7. Taxes And Excise Duties
  • After the manufacturer decides on his/her ex-factory price of the medicine, excise duty is levied (some essential drugs are exempt however) when the goods leave the factory premises. This rate varies depending upon the manufacturer. 
  • Small-scale units are allowed to pay 9.6 % up to a limit (up to sale of one crore rupees), and after that, it is 16 % whereas other manufacturers are required to pay uniformly 16%. The Excise Duty component of the cost gets included in the MRP of the medicine along with other costs and margins of profit.
  • State sales tax is levied at the point of first sale in a state – and hence usually recovered by the manufacturer or his/her agent from a wholesaler or a forwarding agent. 
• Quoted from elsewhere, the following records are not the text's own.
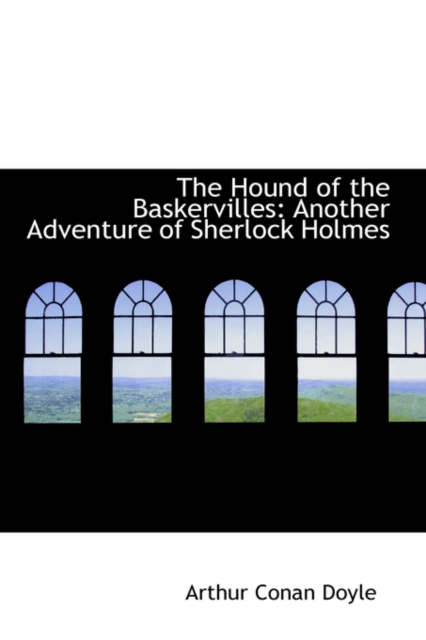 The Hound of the Baskervilles : Another Adventure of Sherlock Holmes, Paperback / softback Book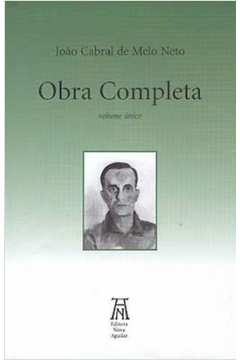 João Cabral de Melo Neto - Obra Completa Volume Único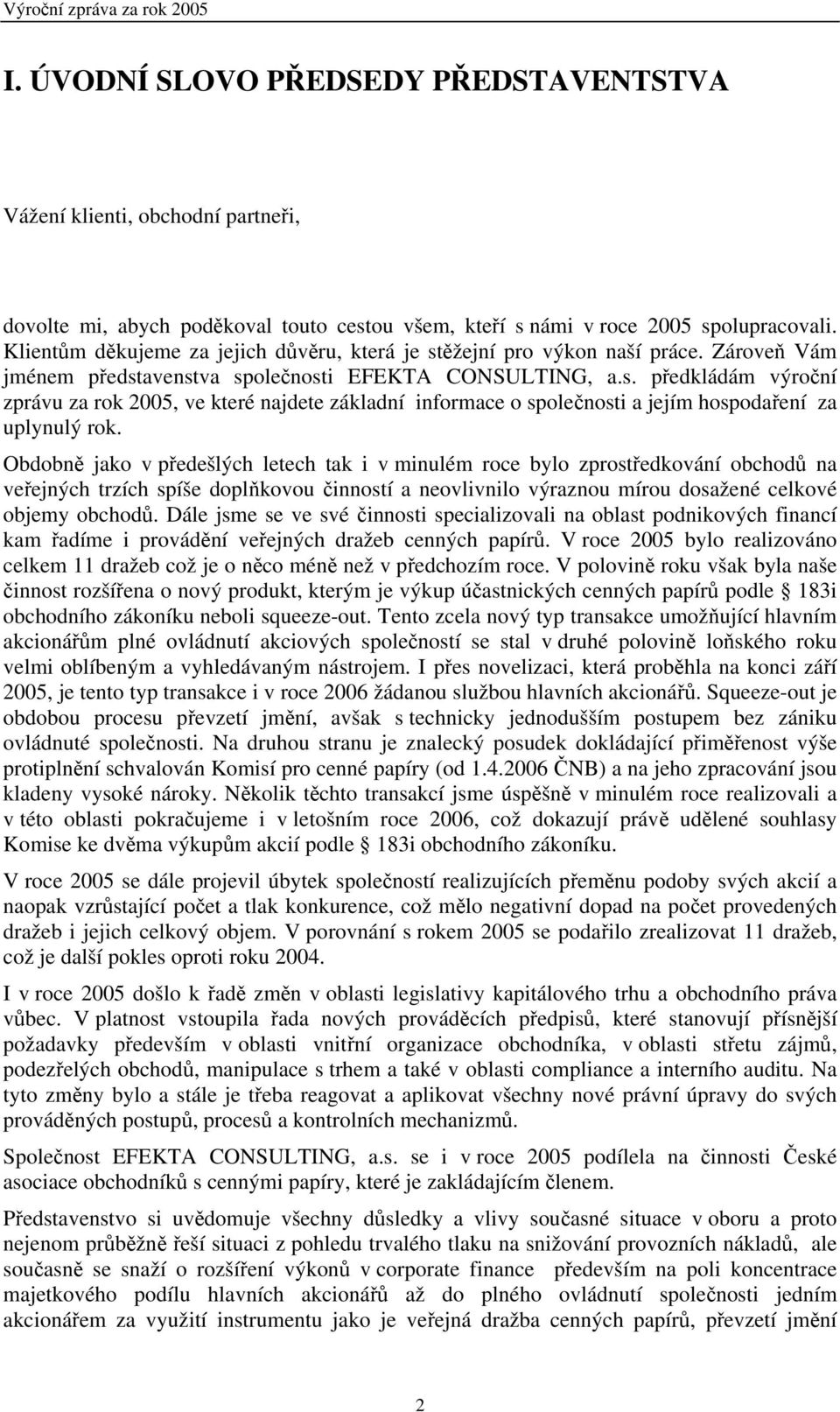 Obdobně jako v předešlých letech tak i v minulém roce bylo zprostředkování obchodů na veřejných trzích spíše doplňkovou činností a neovlivnilo výraznou mírou dosažené celkové objemy obchodů.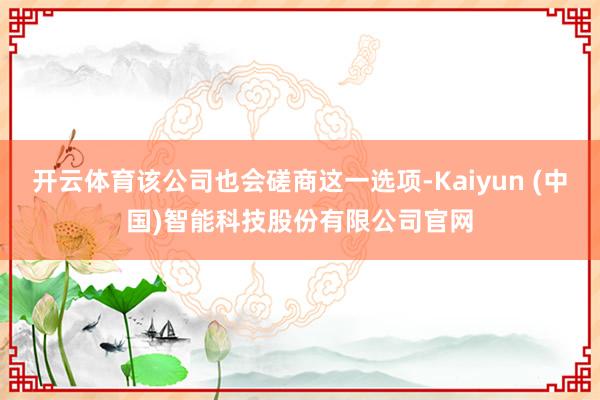 开云体育该公司也会磋商这一选项-Kaiyun (中国)智能科技股份有限公司官网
  • Other local taxes are collected as applicable. Tax is not applicable on the MRP although it is collected by all retail pharmacists as a percentage of the printed MRP (Maximum Retail Price). The sales tax varies from state to state. Not only does the rate vary but also the list of items taxable and items exempt from tax also varies from state to state.
  • This component of the cost of the medicine is not included in the MRP. But the sales tax paid by the first purchaser in the state is collected from the end user –that is the buyer at the retail pharmacy.

Cost Reduction
  • Considering the various components, lowering Raw Material costs through efficient purchasing mechanisms like competitive bidding, etc., could reduce costs. As this constitutes the major single component of the cost any reduction in this will reduce the cost and hence the prices of the medicine.
  • We have to keep in mind that the cost of the raw material includes the excise duty and taxes paid for it.
  • A reduction in rates of excise duty and sales tax of the raw materials and/or finished goods could therefore reduce the cost and hence the price of the medicine – that is hoping the manufacturers and the traders pass on the benefits to the customer.
  • Reduction in production losses and improvement of efficiency and better capacity utilization would also reduce the costs. However, the scope of reduction of costs on this front is limited considering the fact that their component in the total costs is not very large.
  • Marketing costs, costs of fancy packing, etc., could however reduce the prices to a large extent.